As they rode the bus back from Burlington to their motel in Worland they heard head coach Justin Walker shout, "She's gonna hit us!"
An instant later a window just behind the driver's seat burst and what remained of a mule deer doe flew into pieces all over the front of the bus. Driver Russell Norris clipped the deer as the bus descended toward the small town of Manderson heading south on Wyoming Highway 789.
In a quirk, an tractor-trailer heading north passed the bus at the exact instant.
"It was simultaneous," Norris said.
The action was so quick that no one could witness the trajectory of the deer, but it hit both vehicles before parts of it struck the seat assistant coach Dar Vogel was sleeping in.
"It was quite an experience. All hell broke loose and the world exploded," Vogel said. "I felt a little sick, so I was lying down in the seat trying to sleep. I'm thankful now that I got (sick)."
Blood and entrails were left covering the hanging uniforms of a couple of girls.
The back of the seat Vogel was sleeping in was pierced by one of the deer's legs just inches above where Vogel lay. She wasn't sure what had punched the hole in the seat until later, when she checked her personal belongings in the seat behind her.
"There was a six-inch leg bone I found in my bag," she said.
Bits of glass, blood and hair covered Vogel and a couple of the freshman girls sitting near the front of the bus.
Norris quickly pulled the bus to the side of the road.
"Is everybody OK?" Norris asked.
Amazingly there were no serious injuries. Vogel and two girls had slight cuts from flying glass, and a piece of the deer's hide hit a girl in the shoulder.
Juniors Tory Thoman, Josee Vogel and Taylor Gordon had just finished a Certified Nursing Assistant class and put their new knowledge to work.
"The girls were great," Walker said.

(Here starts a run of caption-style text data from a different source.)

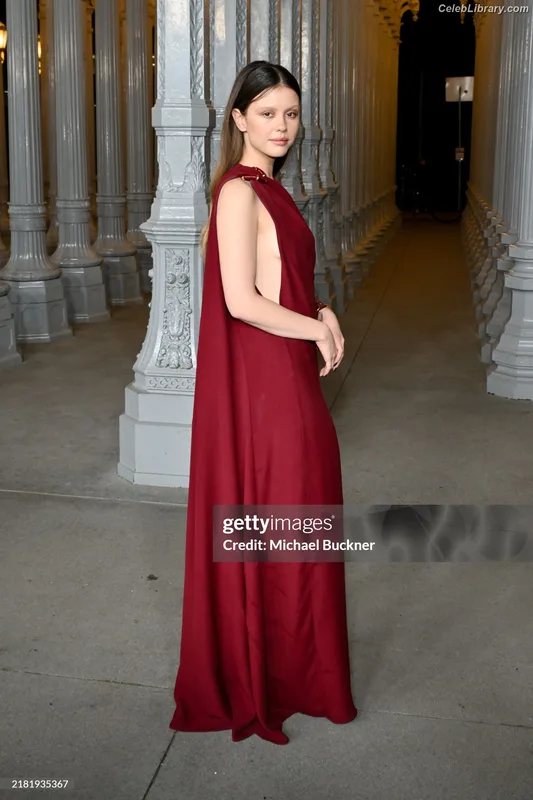 Mia Goth photo 14 of 609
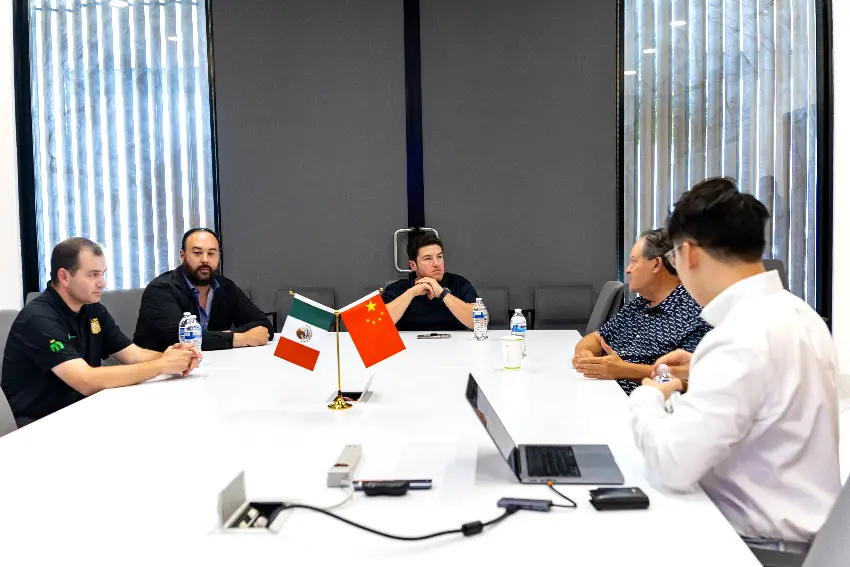 Samuel García with state officials and Hofusan Industrial Park executives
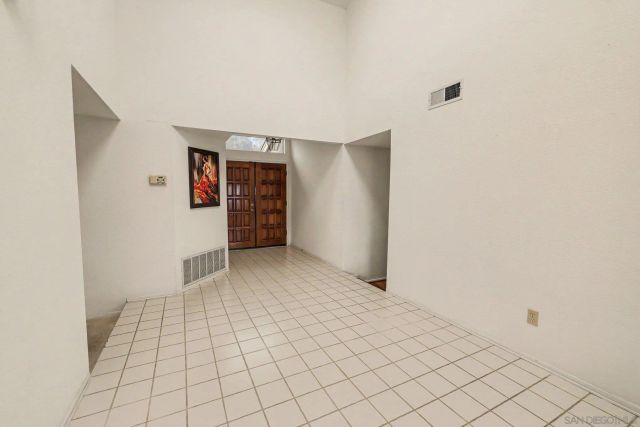 9264 Lethbridge, San Diego, CA 92129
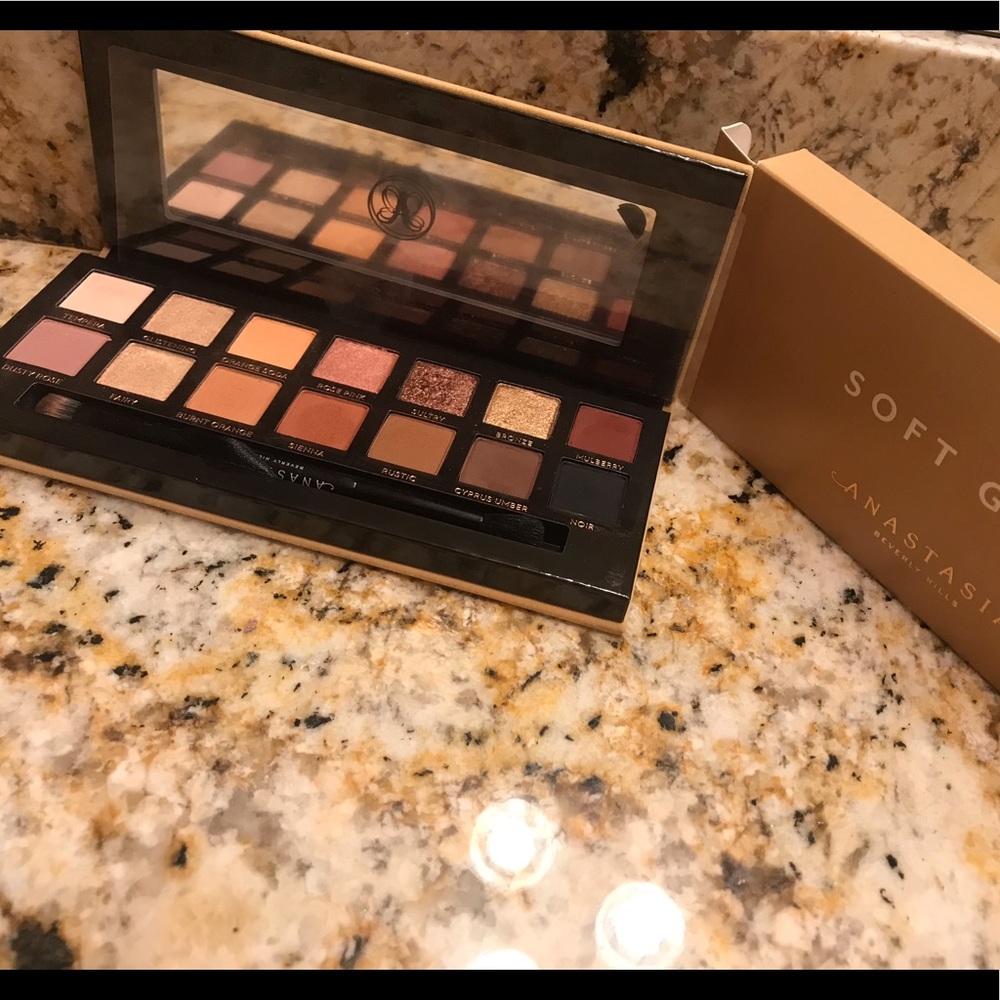 SOLD ✨✨✨✨✨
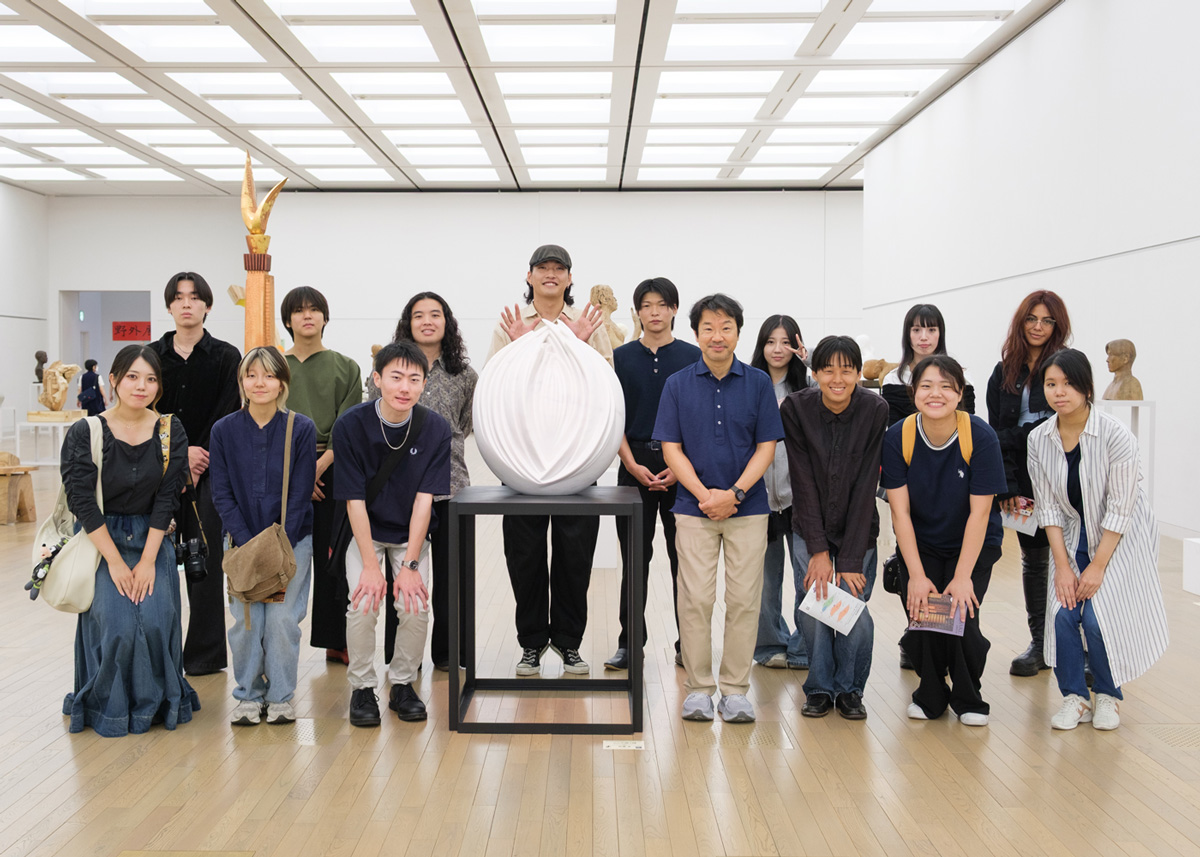 国立新美術館「新制作展」での学生の集合写真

The trio began checking the rest of their teammates for injuries, provided First Aid to the pair with minor cuts, and found blankets for everyone as the passengers exited the bus.
"The girls took control of the situation along with Brett (Groesbeck) and Amanda (C'Bearing)," Vogel said. "I was still a little shaky"

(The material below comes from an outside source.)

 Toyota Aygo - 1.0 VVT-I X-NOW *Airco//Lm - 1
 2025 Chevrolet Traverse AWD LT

With the bus on the side of the road and the girls safely waiting nearby, Norris called Bill Stiver, who was driving the boys team bus. Stiver drove out to take the girls to the Worland Quality Inn.
"Russell did an excellent job," Vogel said. "Both guys did a great job driving."
Norris contacted Wind River transportation director Kevin Sheifer and Washakie School District 1 transportation director Brad Feather. Feather opened the Worland bus garage, and Norris and Stiver worked past 11 p.m. to clean the bus. Feather fashioned a piece of plastic to replace the broken window for a temporary repair.
"We don't let a little deer stop us," Norris said.
"It was totally a freak accident," Sheifer said. "We run a lot of miles and haul a lot of kids. You don't want anything to happen, but the odds are against you. We send our drivers all around the state. Every driver has a list of contacts. Wherever you're at in the state of Wyoming, there's someone you can call. It gives you a warm feeling you know there's someone else out there."
The agreement was never formerly set up. The transportation directors just work together.
"Deer don't care what your credentials are," Sheifer said. "I listened to 15 minutes of audio (from the monitoring system on each bus) and it was very professional. The coaches did a super thing.
" The tough part was the amount of deer blood," he added.
At the motel, the coaches settled the team members into their rooms. The staff at the Quality Inn offered the motel's industrial washing machines to clean the blood-soaked uniforms.
"They were great. The uniforms were covered in slime, blood and gristle," Vogel said. "They let us use their machines, and the uniforms were ready for the Saturday games."
The team wasn't fazed by the incident and came back to defeat Rocky Mountain and Greybull on Saturday before returning home.
The bus was repaired in the Wind River garage the following week and put back on route duty.
"The girls were incredible. They acted much better than a group of adults would have in the same situation," Sheifer said.